Anoche vi Pickpocket. Pronto cumplirá cincuenta años. Vi un cine honesto, cabal, planteado como una investigación, como un arrebatado ejercicio de mago que prueba sus trucos y satisface su más alto nivel de apariencia formal, un cine exigente en la literatura, en los significados, pero poco o nada arrimado a esa voluntad de teatralizarlo todo que a veces asfixia una película y la convierte, por esa exigencia impostada, en un acto ficticio, falso, ajeno a la vida o, en todo caso, desafectado de la trivialidad de la vida, de su normalidad. El cine de Bresson es vida pura, vida física, orgánica, masculinizada, feminizada, animalizada, vegetalizada, urbanizada, pero vida al cabo. O tal vez el cine de Bresson no sea nada de esto y sí lo sea Pickpocket, esta historia de héroe anodino, de anti-héroe cuyo periplo por la ciudad, en su oficio de ratero vulgar, narra una historia contada con muchos elementos, pero de una forma muy sencilla.

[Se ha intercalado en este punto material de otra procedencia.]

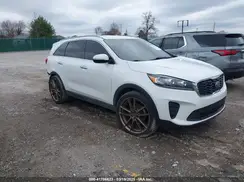 5XYPG4A30KG524272 2019 KIA SORENTO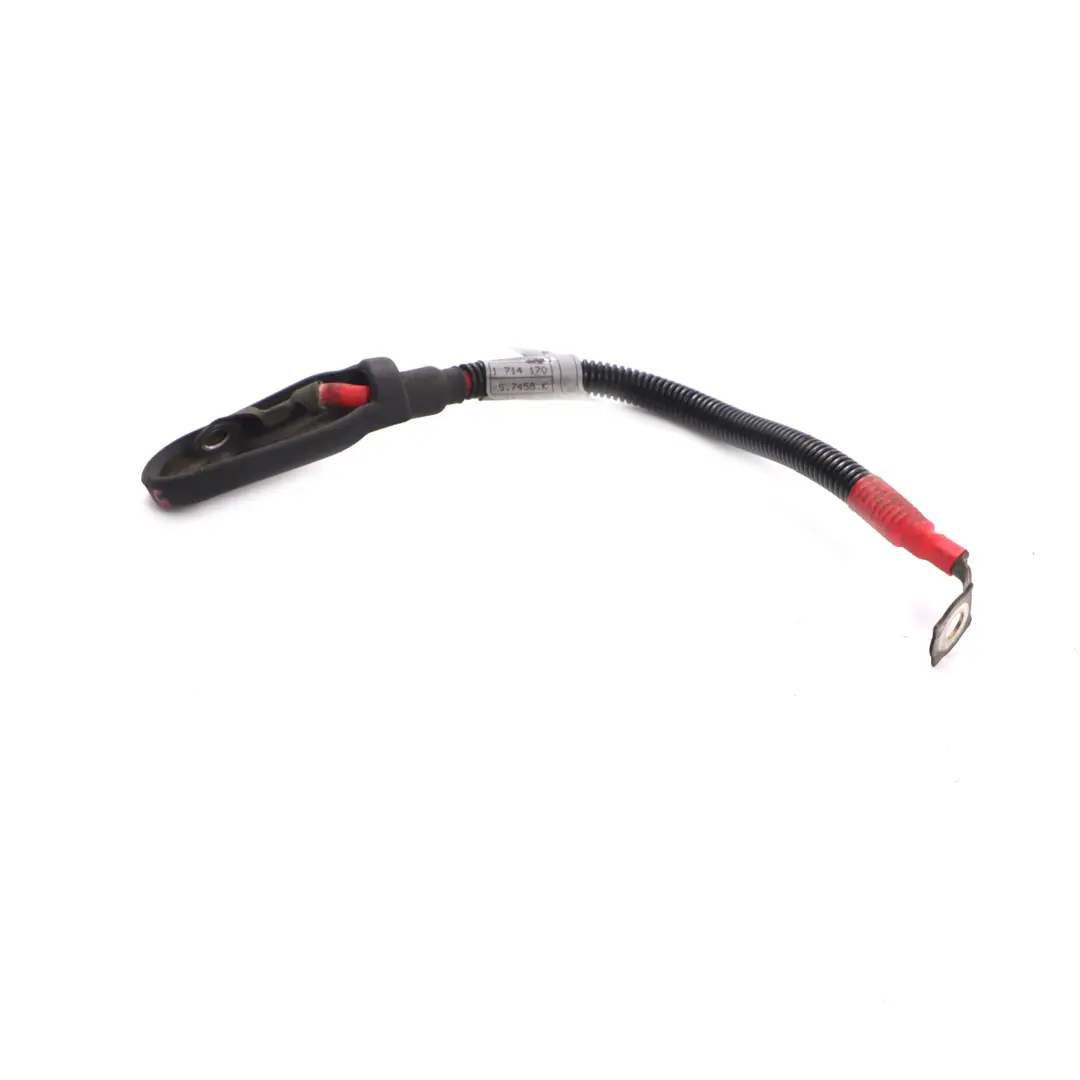 BMW E36 E46 M43 M57 Przewód Kabel Akumulator Rozrusznik - SKU 1722094 - Numer Części 1722094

Lo que no pueden contar las palabras, lo cuenta el silencio, el gesto, la mirada, el movimiento de las manos (nuestro héroe es un ladrón) y la sensación siempre presente de que la literatura y el cine están íntimamente hermanados como género conjurados a informar de un hecho y a conducir esa información de la forma más creativa (artística, hermosa) posible. El formato es lo que cambia: todo termina hospedado en nuestro cerebro, que procesa los datos como sabe o como le hemos enseñado).

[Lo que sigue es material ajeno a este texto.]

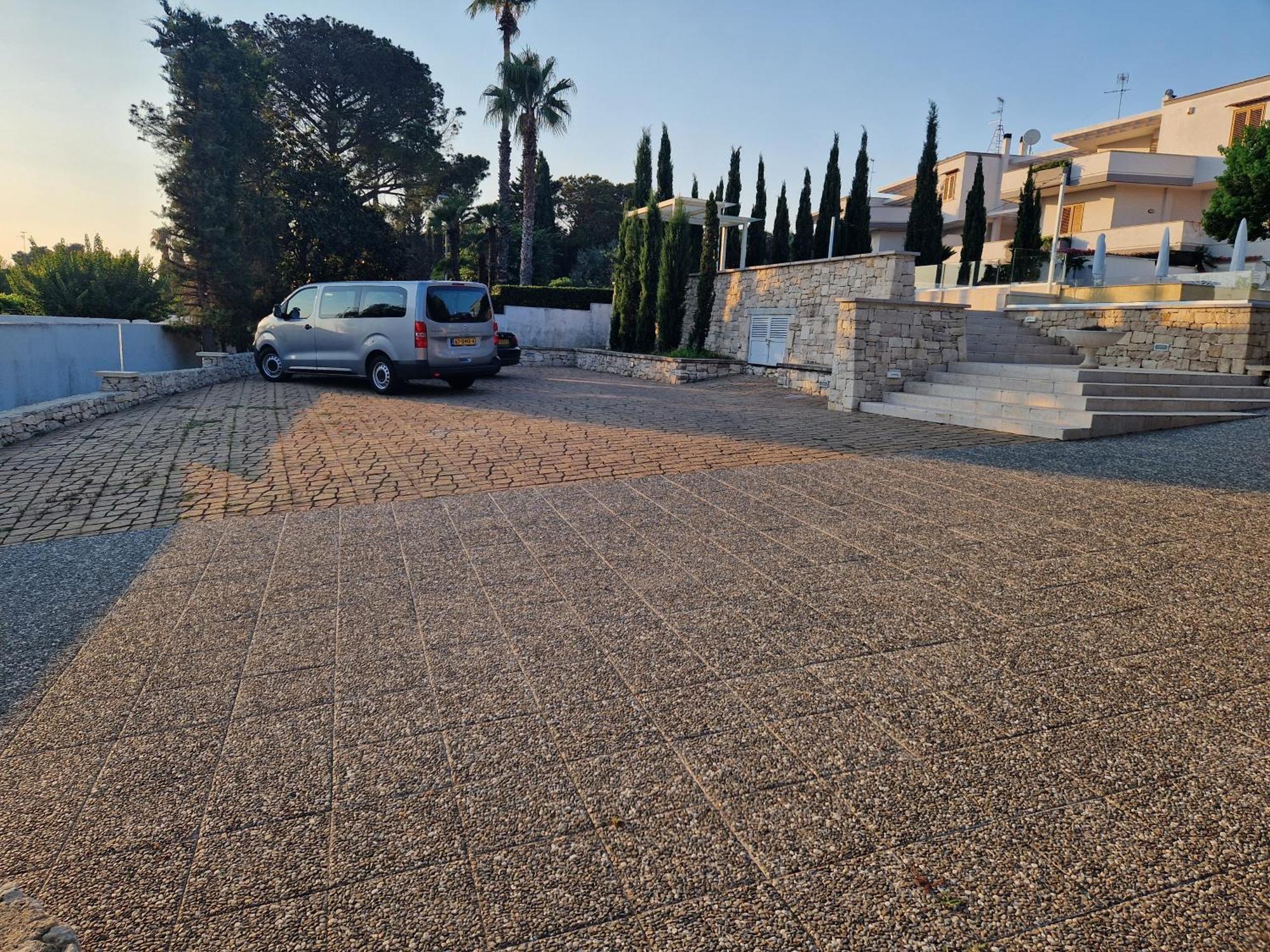 Villa Lecce Esterno foto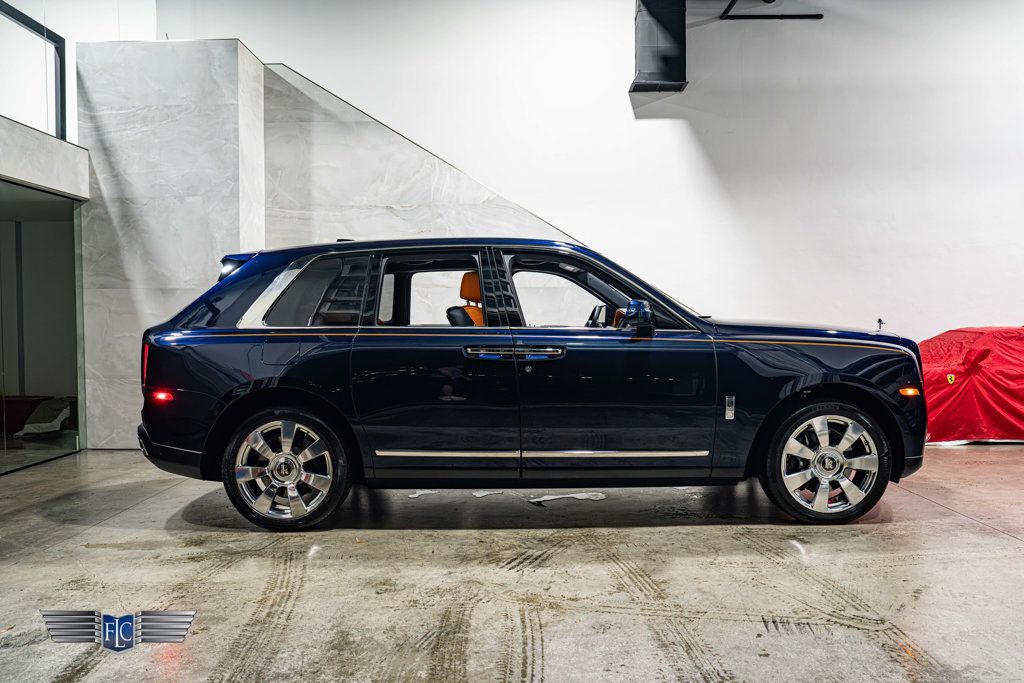 2023 Rolls-Royce Cullinan Sport Utility - 23087189 - 7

El intelectual obsesionado con la pillería de Pickpocket es un tipo curioso: roba para ganar unos cuartos y roba para afianzar su ego o, dicho de otra manera, para convertir el pillaje en obra de arte, en elemento creativo, en un acto de belleza. La vida (la madre enferma, la novia secundaria) se supedita a ese vandalismo con pedigree. Hay una depuración que desemboca en una pureza, un instinto primario que alumbra una perfección y a ella se arroja todo signo de vitalidad, toda evidencia de apasionamiento. Michel es un purista, un genio en lo suyo, una especie de prestidigitador que ha elevado sus fechorías, su delincuencia un poco naïf, a un estado superior, como el artista cuando coge un folio en blanco, un lienzo virgen o un pedazo de barro.
La sugerencia, más que la explicitud, conduce todo el metraje.
La aparente reducción de elementos, esa simplicidad argumental o formal, forman parte de una necesidad cinematográfica que se obceca en fragmentar (las manos, los gestos, los ojos).
Se tiene la idea de que el final de la historia es irrelevante: que el personaje tiene ya escrito su final y que todo lo que observamos no deja de ser una extensión obviable, un apéndice censurable que no va a alterar lo que ya sabemos desde los primeros minutos.
Pickpocket es una cinta difícil y exigente: no se puede acudir a su proyección con la relajación mental del cine que ahora nos inunda, y sé que incurro en una exageración imperdonable. Pickpocket es una estupenda película, una de ésas que dura en nuestra memoria mucho más que el preciso tiempo en el que asistimos a su representación. Eso, tal vez, debe ser el buen cine, el que dura, el que nos modela el carácter y nos marca pautas de comportamiento, formas de vida.Aprecia uno, en esta época vertiginosa de alambicados procesos de montaje y barroquismo visual, esta economía de medios, esta necesidad de despojar al fondo de forma que lo lastre.
Hace también mucho tiempo que no veo a mi amigo y éstos son otras edades para paladear una pelìcula de estas dimensiones. No sé si todo queda en una mañana en un parque leyendo un libro sobre el existencialismo. Tal vez. Será la exigencia a la que él no supo prestarse, pienso ahora. Será cosa de vernos un día y discutirlo sin prisa.